*** Information Section Begins ***

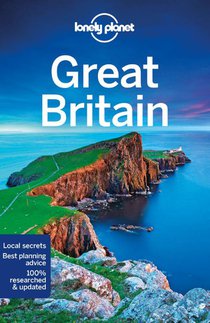 Lonely Planet Great Britain voorzijde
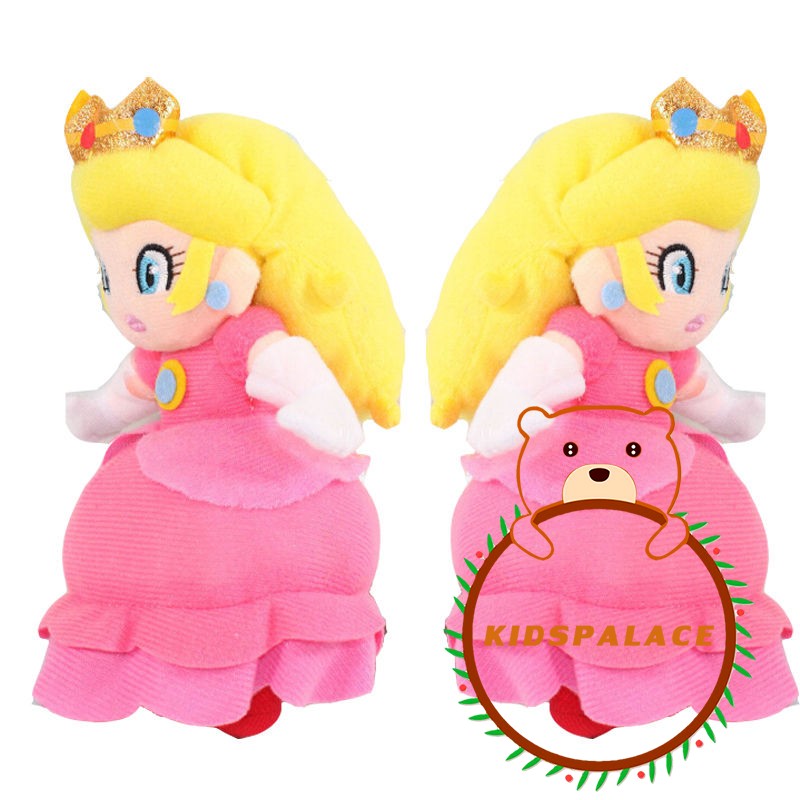 baby peach plush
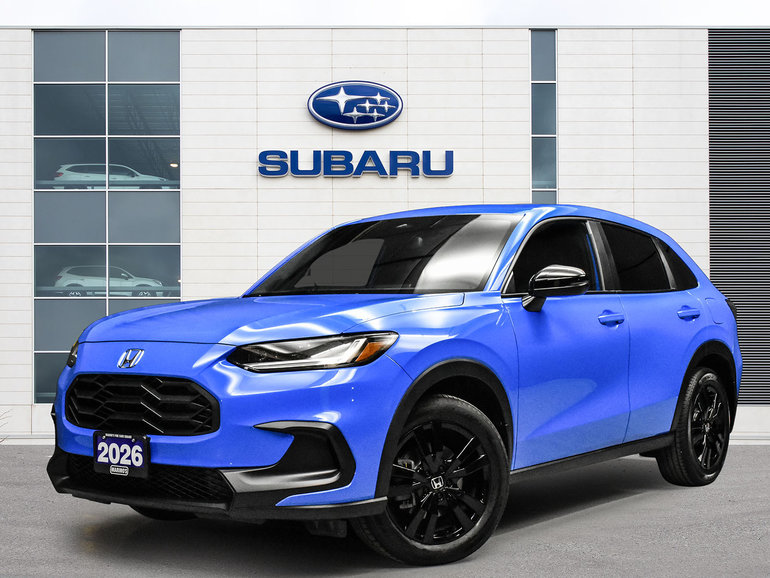 2026 Honda HR-V SPORT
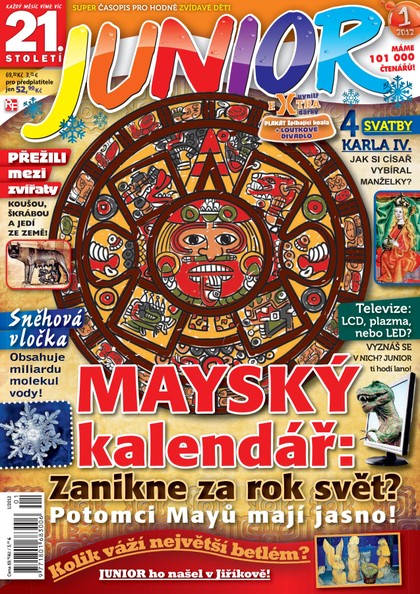 E-magazín 21. století JUNIOR 1/12 - RF Hobby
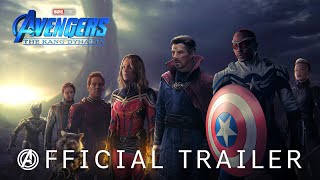 Marvel Studios AVENGERS 5 THE KANG DYNASTY  Teaser Trailer 2025 [upl. by Ecerehs972]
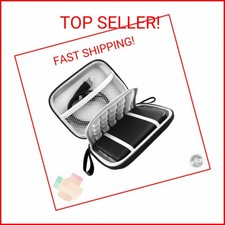 Lacdo Hard Drive Carrying Case for Western Digital WD Elements/WD My Passport/My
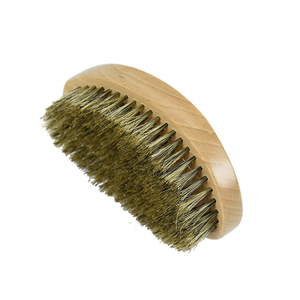 <span class=keywords><strong>Brosse</strong></span> pour hommes, outil de soins pour la <span class=keywords><strong>barbe</strong></span>, cheveux incurvés, poils de <span class=keywords><strong>sanglier</strong></span> et supérieure, 100% - Product Image 2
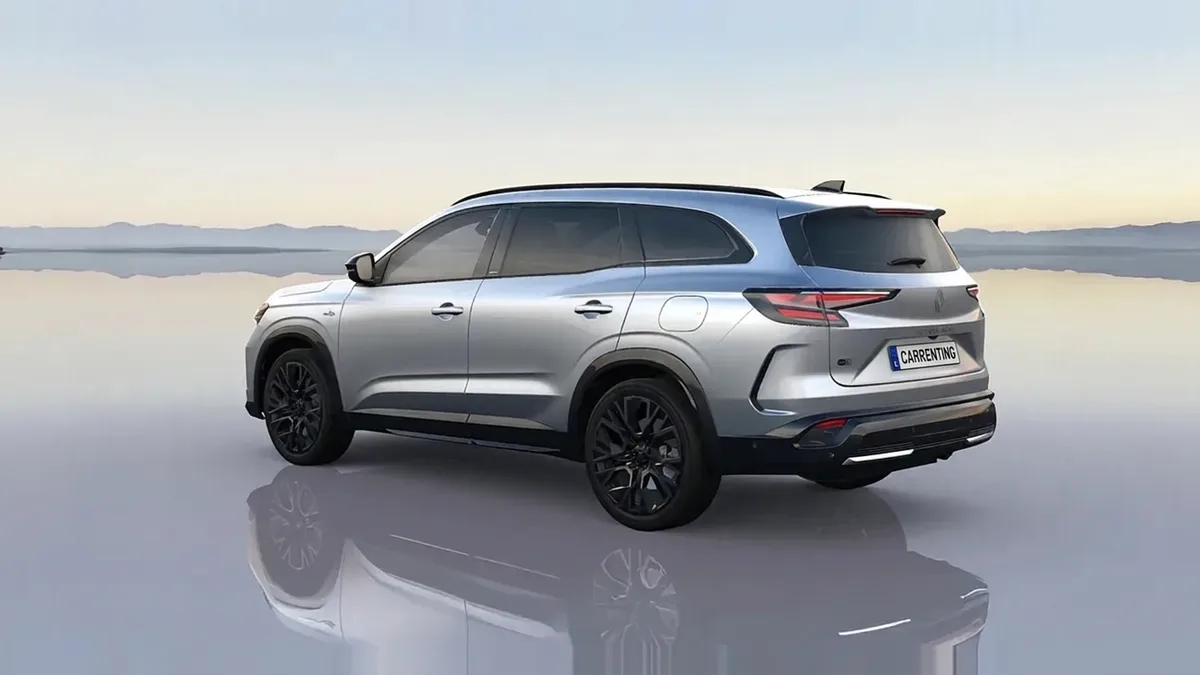 Renault Espace Espirit Alpine Full Hybrid E-Tech 146kW 7p en renting en Elche — Delantera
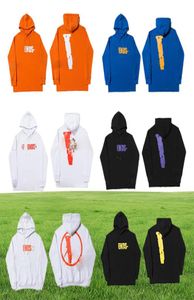 Herenontwerper Hoodie Fashion Men Women Designer Hoodies Hoge kwaliteit Blue Orange Purple Streetwear Hooded Sweatshirt voor mannelijke size8557673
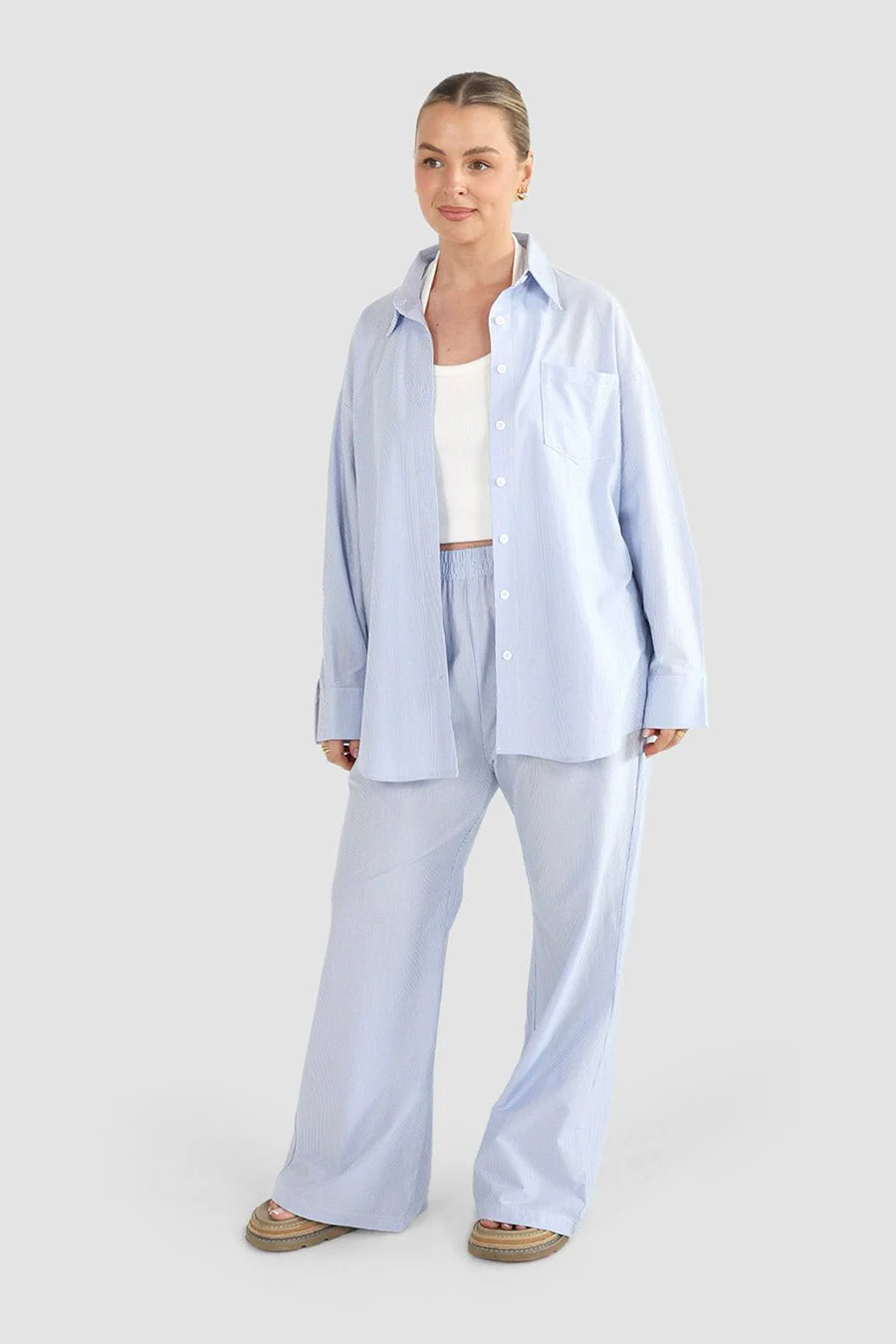 ZIMI PANT BLUE STRIPE - Image 4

*** Information Section Ends ***

* Problem requirements: Your task is to retype exactly, and only, the lines from the one that holds "E-magazín 21. století JUNIOR 1/12 - RF Hobby" through the end of the listing, both end lines included, without any pictures.

* Reply to the task:
 E-magazín 21. století JUNIOR 1/12 - RF Hobby
 Marvel Studios AVENGERS 5 THE KANG DYNASTY  Teaser Trailer 2025 [upl. by Ecerehs972]
 Lacdo Hard Drive Carrying Case for Western Digital WD Elements/WD My Passport/My
 <span class=keywords><strong>Brosse</strong></span> pour hommes, outil de soins pour la <span class=keywords><strong>barbe</strong></span>, cheveux incurvés, poils de <span class=keywords><strong>sanglier</strong></span> et supérieure, 100% - Product Image 2
 Renault Espace Espirit Alpine Full Hybrid E-Tech 146kW 7p en renting en Elche — Delantera
 Herenontwerper Hoodie Fashion Men Women Designer Hoodies Hoge kwaliteit Blue Orange Purple Streetwear Hooded Sweatshirt voor mannelijke size8557673
 ZIMI PANT BLUE STRIPE - Image 4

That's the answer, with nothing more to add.